Investment consultants with practices dominated by big corporate defined benefit plans say the drive by clients to fully fund and immunize their liabilities will make it more important than ever to diversify into areas such as fiduciary outsourcing and defined contribution.
While corporate plan sponsors are pursuing a wide range of approaches, the general push toward “the promised land” of having a “DB program that isn't a tail that wags the proverbial dog” could change the landscape for investment consultants, said Timothy Barron, CEO of Rogerscasey LLC, Darien, Conn.
Anticipation of that new terrain has found consultants increasing their focus on the fast-growing defined contribution space, and adding resources to advise non-pension related asset segments, such as endowments and insurers.
Recent merger and acquisition activity has helped leading players fill gaps:
c Mercer Inc.'s January purchase of Hammond Associates strengthened the corporate consulting giant's profile in both the wealth management and endowment and foundation segments.
c Hewitt Associates Inc.'s September purchase of Ennis Knupp & Associates helped Ennis jump-start a fiduciary outsourcing business.
c The January 2010 merger of Towers Perrin and Watson Wyatt Worldwide gave Watson an entry into the insurance consulting market.
The current business environment will reward the nimble, said Carl Hess, the New York-based global head of investments at Towers Watson & Co. Mr.

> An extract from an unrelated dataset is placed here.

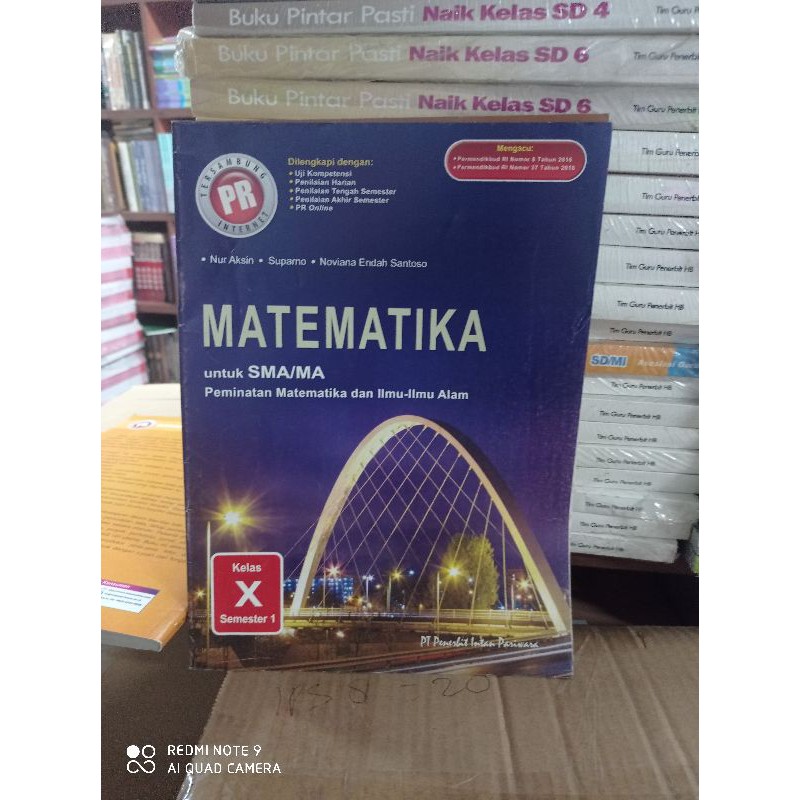 Jual Buku Pr Matematika Peminatan Kelas X Semester 1 Revisi Indonesia Shopee Indonesia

Hess said his firm has “added more DC business to the mix,” as well as sovereign wealth funds, endowments and foundations, and insurers.
Kevin Turner, managing director, consulting, with Seattle-based Russell Investments, said his firm — which led the industry in fielding a diversified mix of consulting, asset management and implemented consulting services — set up a dedicated DC advisory team in 2009. The move reflected corporate clients' interest in constructing defined contribution plans that have defined-benefit-like characteristics.
Meanwhile, consultants say serving corporate DB clients as they “de-risk” — or move to ensure that pension funding volatility won't disrupt the plan sponsors — will remain a crucial, and even a growing, business segment for them over at least the next five years.